Prompt: Give exactly the lines from the one that contains "Vestido curto de" through the end of the entries below, both included; the pictures stay out.

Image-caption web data
=== Section Start ===

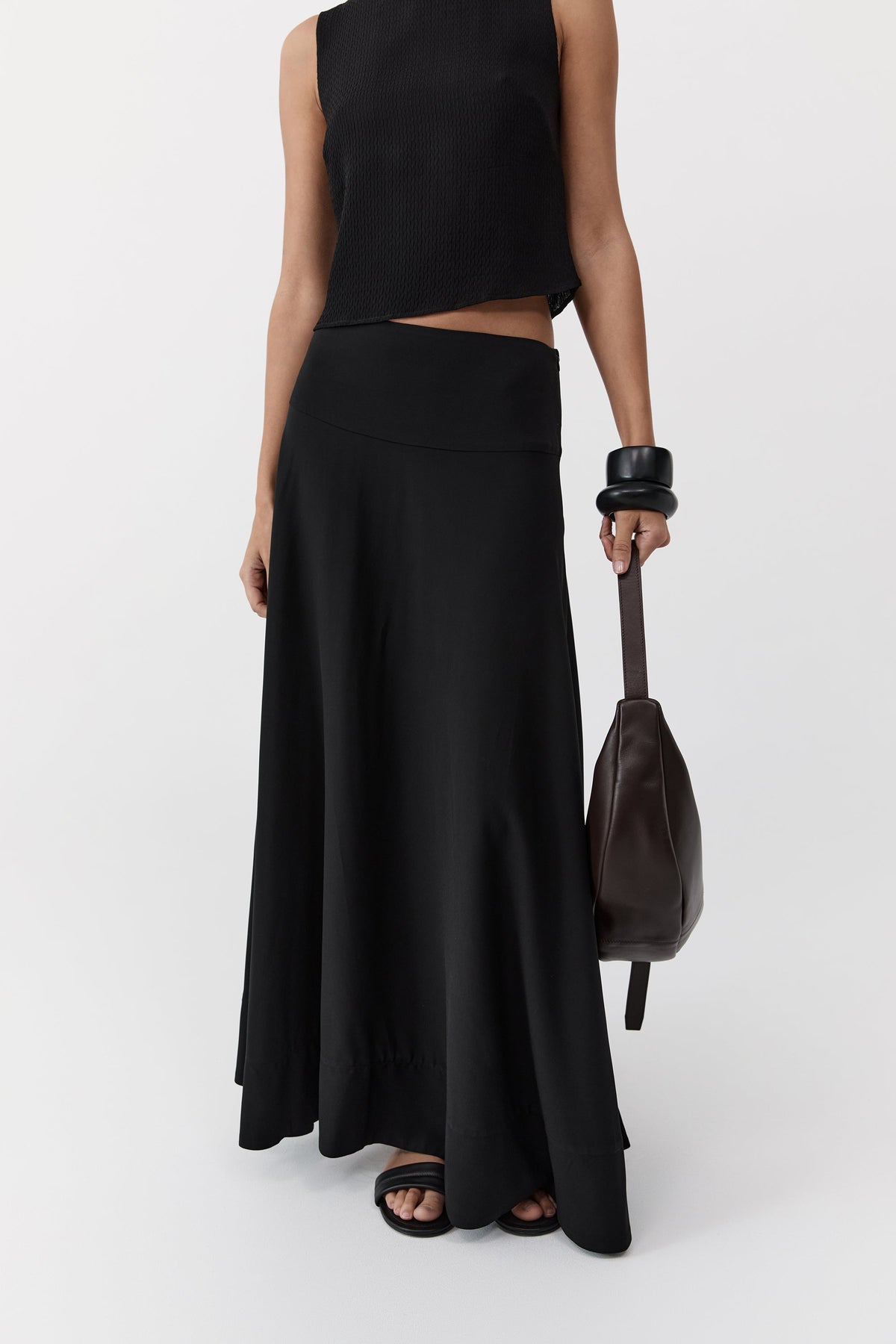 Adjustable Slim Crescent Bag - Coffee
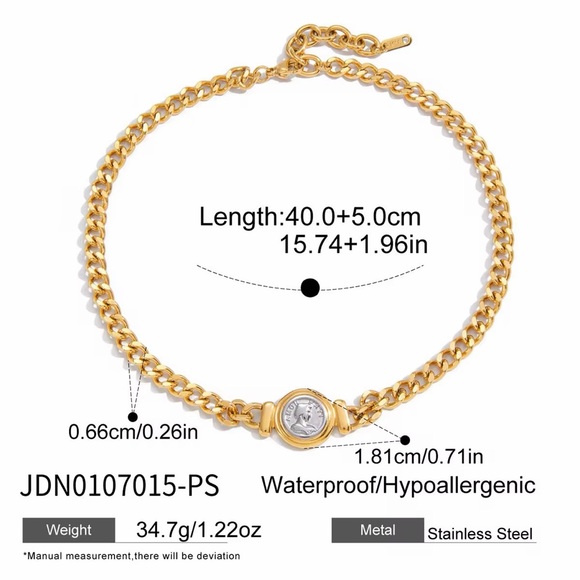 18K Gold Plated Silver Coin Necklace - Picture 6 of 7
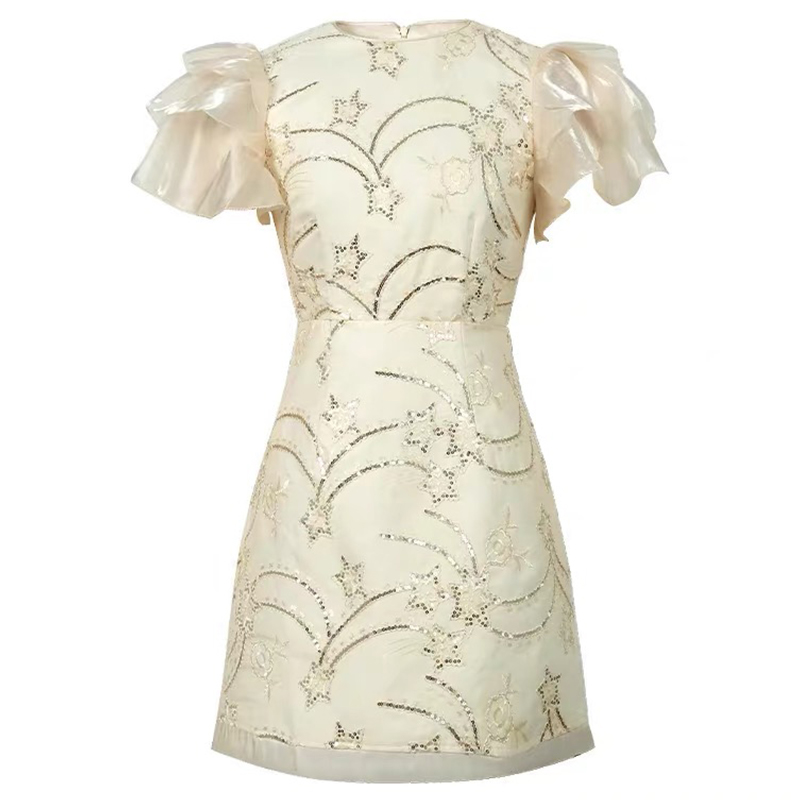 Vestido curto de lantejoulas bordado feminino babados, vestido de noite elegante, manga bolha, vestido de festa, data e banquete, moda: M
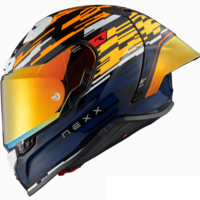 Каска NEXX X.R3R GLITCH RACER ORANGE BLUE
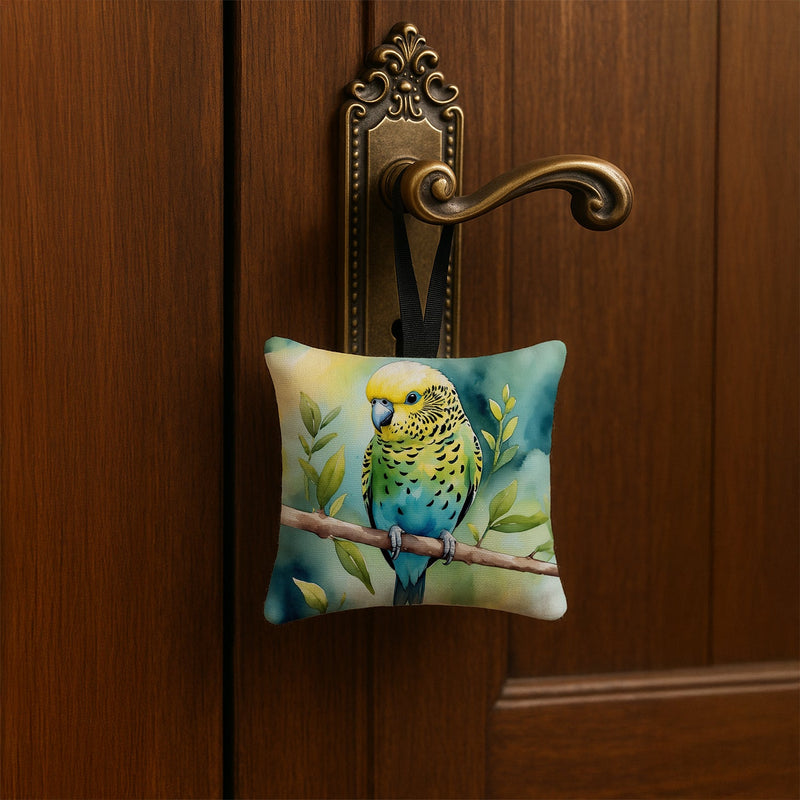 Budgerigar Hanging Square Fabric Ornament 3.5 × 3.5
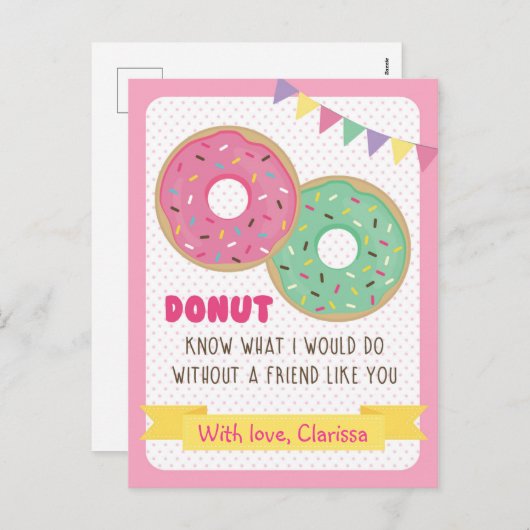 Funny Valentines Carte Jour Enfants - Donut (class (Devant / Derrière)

=== Section End ===

Written solution:
 Vestido curto de lantejoulas bordado feminino babados, vestido de noite elegante, manga bolha, vestido de festa, data e banquete, moda: M
 Каска NEXX X.R3R GLITCH RACER ORANGE BLUE
 Budgerigar Hanging Square Fabric Ornament 3.5 × 3.5
 Funny Valentines Carte Jour Enfants - Donut (class (Devant / Derrière)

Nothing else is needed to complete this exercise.